My beliefs have largely been fluid over the decades that I’ve been a Christian because of my dogged pursuit of the truth. I came to Christ in a Pentecostal church in 1990, then read Kenneth Hagin books and became a Charismatic for several years, then read John MacArthur books and became a Calvinist for several years, then eventually stopped reading Christian books altogether but only the Bible which has led me to my current beliefs. My experience has been that I was led astray when I trusted popular ministers to teach me about God and salvation. But since the truth came from Jesus Christ, I listen to Him and His apostles: “grace and truth came by Jesus Christ” (Jhn 1:17); “And ye shall know the truth, and the truth shall make you free” (Jhn 8:32); “And if I say the truth, why do ye not believe me?” (Jhn 8:46); “I am the way, the truth, and the life” (Jhn 14:6); “Every one that is of the truth heareth my voice” (Jhn 18:37); “the truth is in Jesus” (Eph 4:21).
Becoming right in our beliefs begins with an honest and humble assessment of ourselves that we could be wrong not just about some things but about a lot of things. I went through that and still go through it to a certain extent. If we’re seeking the truth, then we’ll have no problem with questioning our current beliefs sincerely and objectively. But I’ve come to learn that many Christians aren’t willing to do this. Rather, they’re convinced that their current beliefs are right and will go to great lengths in defending them.
The goal of studying the Scriptures is to correctly understand the message intended to be conveyed by the Author. The Scriptures are simply a channel through which God communicates His message to us. It’s not about my interpretation or your interpretation but about apprehending the intended message, then living our lives accordingly.

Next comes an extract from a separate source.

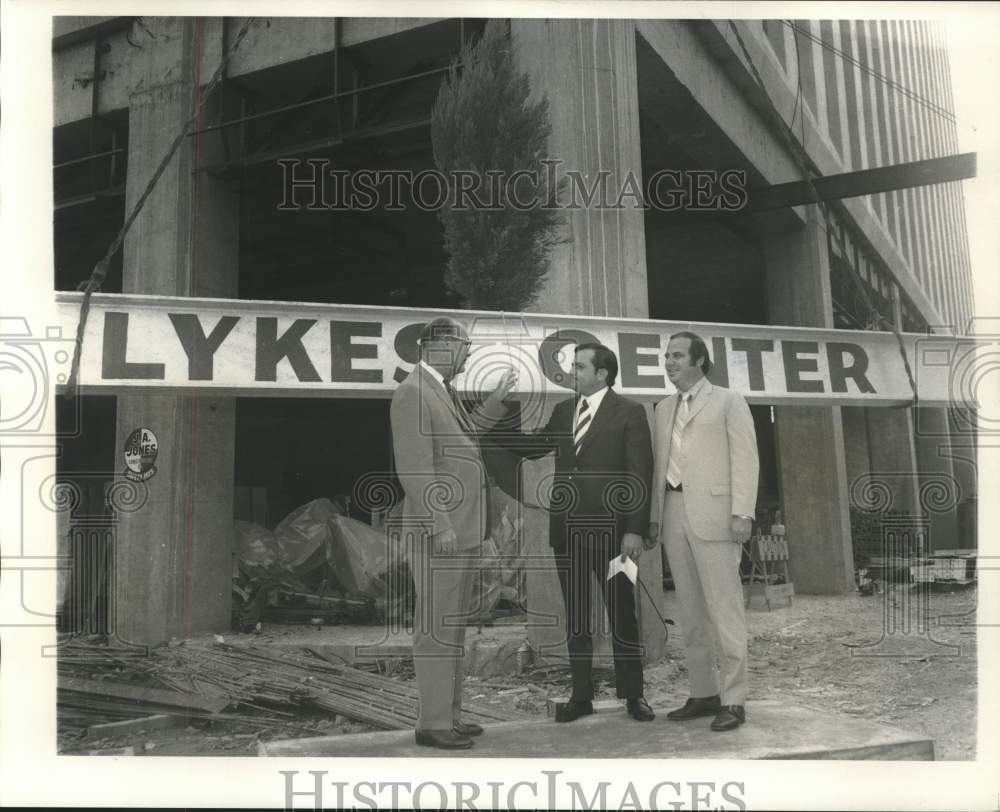 1971 Press Photo Topping-off ceremony at Lykes Center, 300 Poydrass Avenue- Historic Images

The biggest hindrance to correctly understanding the Scriptures and apprehending the intended message is false assumptions. Assumptions are ideas that we consider to be true but might not be. They’re essential for building upon to further our understanding and reach correct conclusions. However, when our beginning assumptions are false, our understanding is hindered and we can rarely reach correct conclusions—false assumptions blind and imprison us. For example: if you believe (as I used to) that humans are non-physical beings living inside physical bodies that continue living disembodied after death either in heaven or hell, then that false assumption will blind you from understanding many teachings in Scripture about life, death, and salvation. Until you’re willing to lay aside that assumption and approach the Scriptures objectively, you’ll remain imprisoned.
My understanding of the Scriptures began to thrive once I stripped away assumptions from my thinking that I wasn’t entirely sure were correct, then approached the Scriptures as objectively as possible. It was only after I was convinced that any particular assumption was correct that I embraced it and used it to help me understand the Scriptures further. It’s like a snowball effect; the more we correctly understand, the more we’re able to correctly understand.

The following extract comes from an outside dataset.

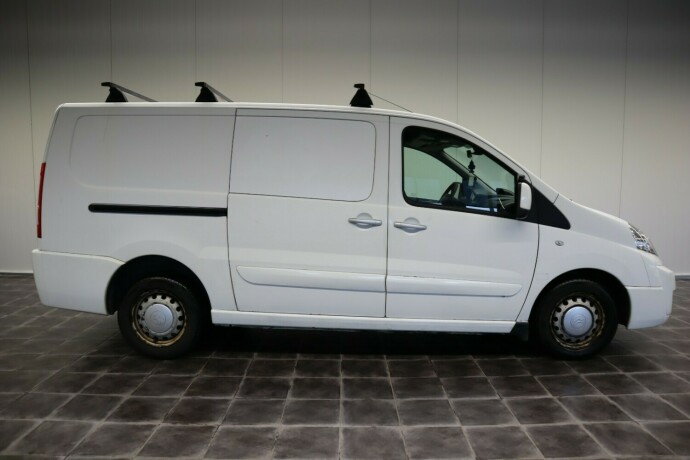 toyota-proace-diesel-2015-big-4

False assumptions, primarily assumptions about the nature of God and man—that God is a Trinity of Persons and that man is an eternal non-physical being whose destiny is either heaven or eternal torture in fire—prevents the most brilliant from ever understanding the Scriptures and attaining the truth. Many scholars and theologians are far smarter and more educated than I am but the false assumptions they embrace about God and man skews and tarnishes their understanding so that much of what they teach is wrong. Christians recognize that even the most brilliant scientists embrace the foolish philosophy of evolution under the pretense of science. And a similar dynamic is true with theologians. They’ve been indoctrinated with a philosophical system disguised as theology, “Beware lest any man spoil you through philosophy and vain deceit” (Col 2:8). They’re trained and committed to defend their system with illogical and foolish arguments. They garnish their philosophy with a lot of big words, scholarship, and eloquence to make it sound official and authoritative, “they speak great swelling words of vanity” (2Pe 2:18). They make it sound like they’re saying a lot while saying a whole lot of nothing!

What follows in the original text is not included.